「団信」が生命保険の代わりに
むしろ自宅の資産性を重視すべき

 前述の3つの理由から、生命保険に入るなら自分に家族ができたときにすべきであり、その際に自宅を買うなら、団信がその役目を果たしてくれることになるということだ。しかし、ここまでは誰でも解説できそうなよくある話かもしれない。

 そこで、家族への資産の残し方まで考えておくといい。自宅は資産性があった方がいい。つまり、資産価値が上がる物件を買おうという話だ。その意味で言うと、都市圏に住む人であれば、戸建よりもマンションの方が資産性は圧倒的に高い。マンション価格は全国で2013年以降1.8倍以上値上がりし、それに対して戸建の値上がりは1.2倍に過ぎない。それも好立地(都心・駅近)のタワーマンションを買う方が資産性が高いことは、過去のデータから分析した結果を何度も公開してきた。

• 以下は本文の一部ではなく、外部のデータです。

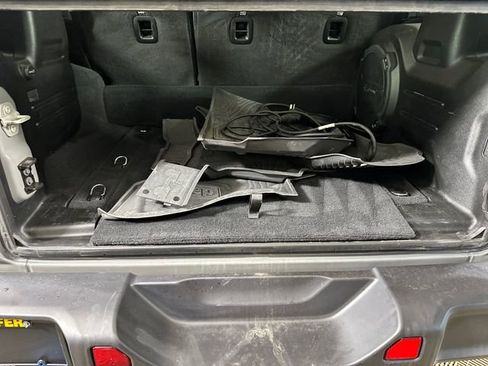 Used 2023 Jeep Wrangler Unlimited Sahara w/ Cold Weather Group image 26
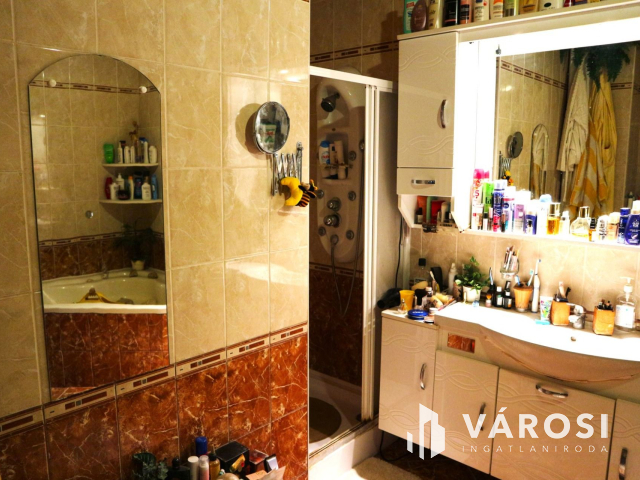 Szombathely beépített kandalló,pincés, bútorozott Alkotás u.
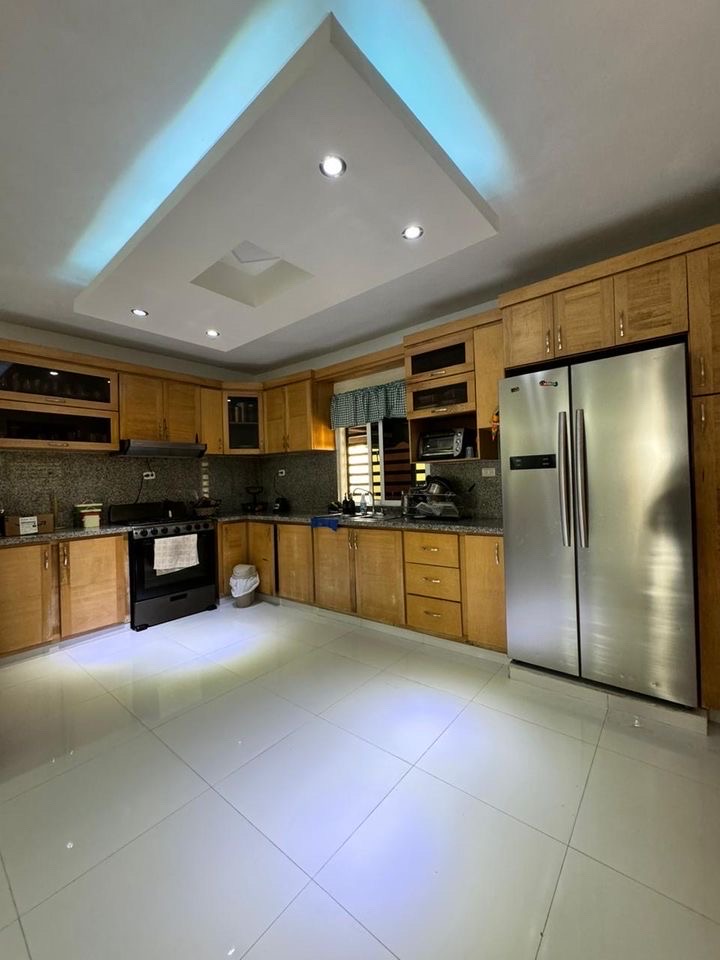 casas - venta de casa con 4 habitaciones en la autopista de san Isidro Santo Domingo  1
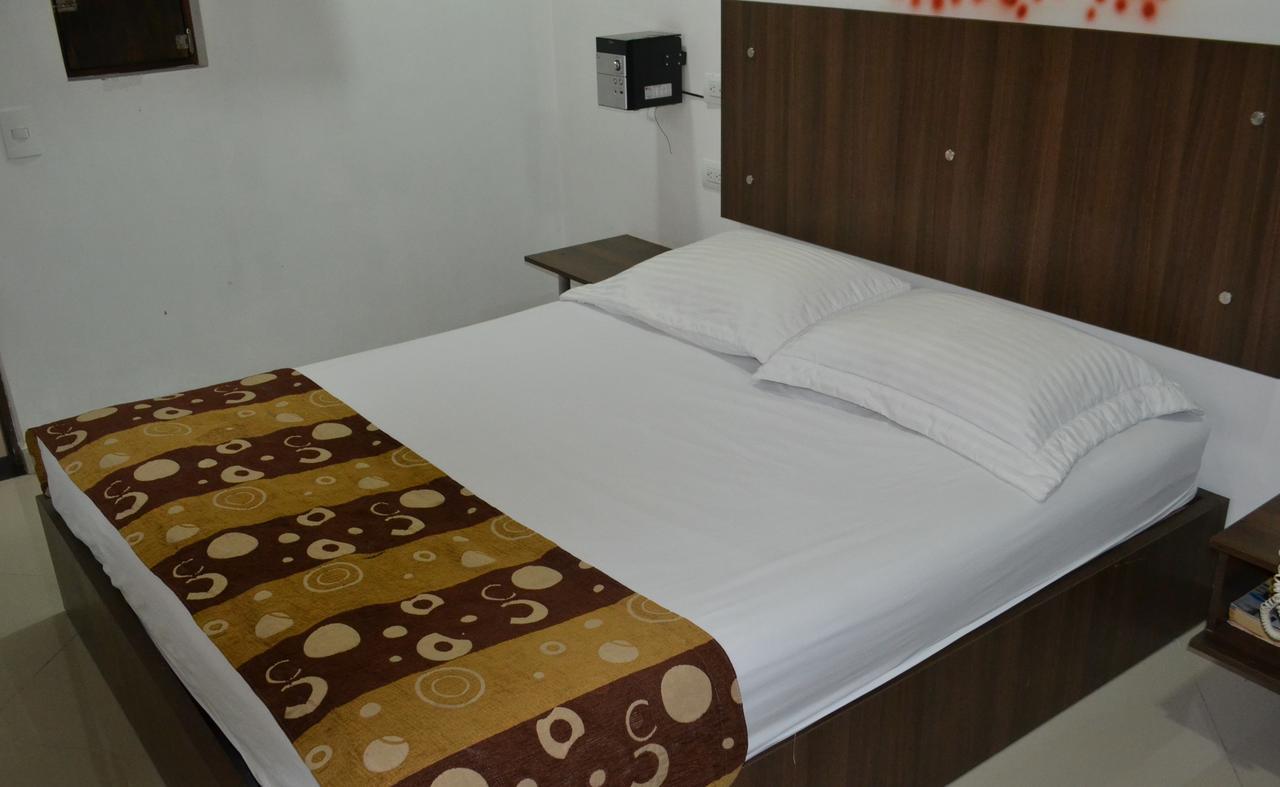 Economy hotel Punto Dos Suites Medellin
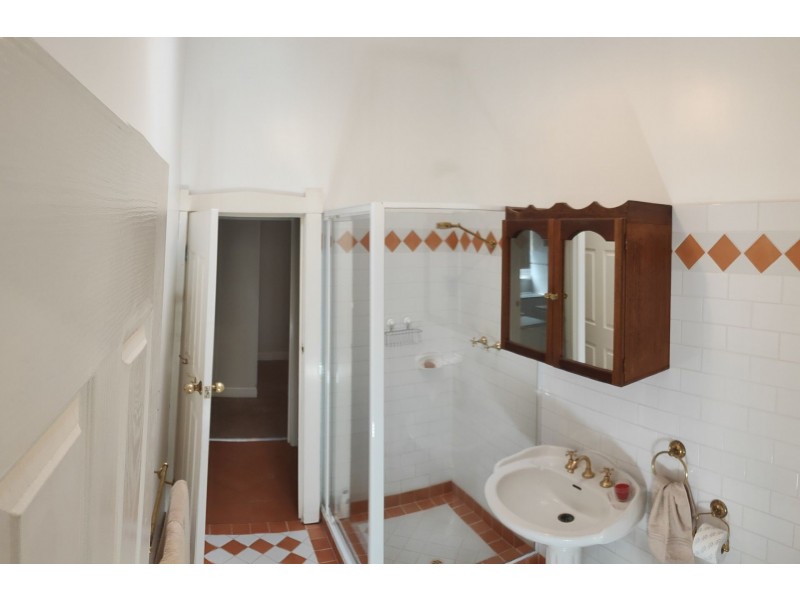 194 Ninth Ave, Inglewood WA 6052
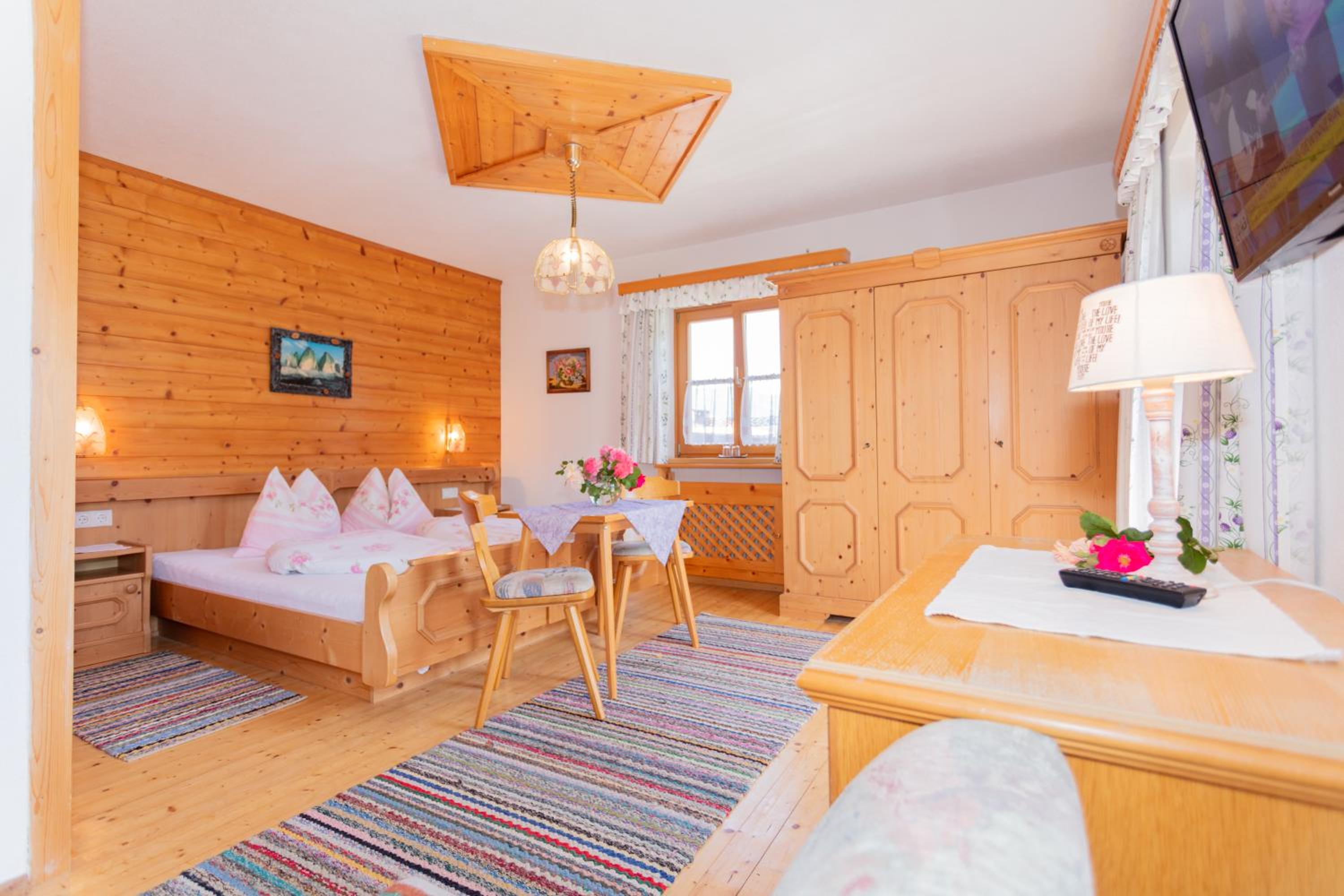 Standard Double Room photo 3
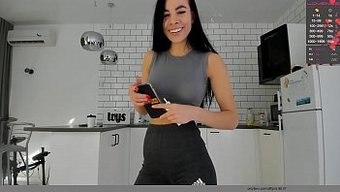 观看这个惊人的运动女...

 購入にはタイミングも大事になる。マンション価格が上がっているのは、需給バランスなどではなく、これまでの金融緩和によるところが大きい。デフレ脱却のために行われた金融緩和で、政府が必要以上にお金を市中にバラまいたので、それを多額に借りた不動産事業者がこぞってマンション用地価格を高騰させてきた。この度17年ぶりに利上げに踏み切った日銀ではあるが、資金量は当面減りそうにない。

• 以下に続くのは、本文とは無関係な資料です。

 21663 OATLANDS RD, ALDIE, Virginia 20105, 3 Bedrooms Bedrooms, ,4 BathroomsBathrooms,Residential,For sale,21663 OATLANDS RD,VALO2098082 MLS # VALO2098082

 こうした世の中の仕組みがわかっていれば、多くの人は自宅購入で資産を増やせただろう。現に、筆者が主宰する無料会員制サイト「住まいサーフィン」では、会員の自宅査定結果が24万件に及び、その含み益は平均3000万円を超えている。筆者当初から家族構成に準じて住み替えを推奨し、子どもが巣立ったら専有面積をダウンサイズすることを提案してきた。この面積減少分も含めると、さらなる益出しが可能になる。売却しないとこの含み益は含み益のままでしかない。

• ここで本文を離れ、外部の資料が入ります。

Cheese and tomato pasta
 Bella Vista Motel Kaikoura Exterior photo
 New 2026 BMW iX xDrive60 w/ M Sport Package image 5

 子どもが巣立った後の家をエンプティネスト(空の巣)と言うが、子どもが出て行った後に引っ越す先が「終の棲家」になる可能性が高い。そこでは考えなければならないことがある。それが、先ほどの60歳以降の死亡率の増加だ。その時点では、余命は20数年になっている。無理できない老体には冬寒い家は堪える。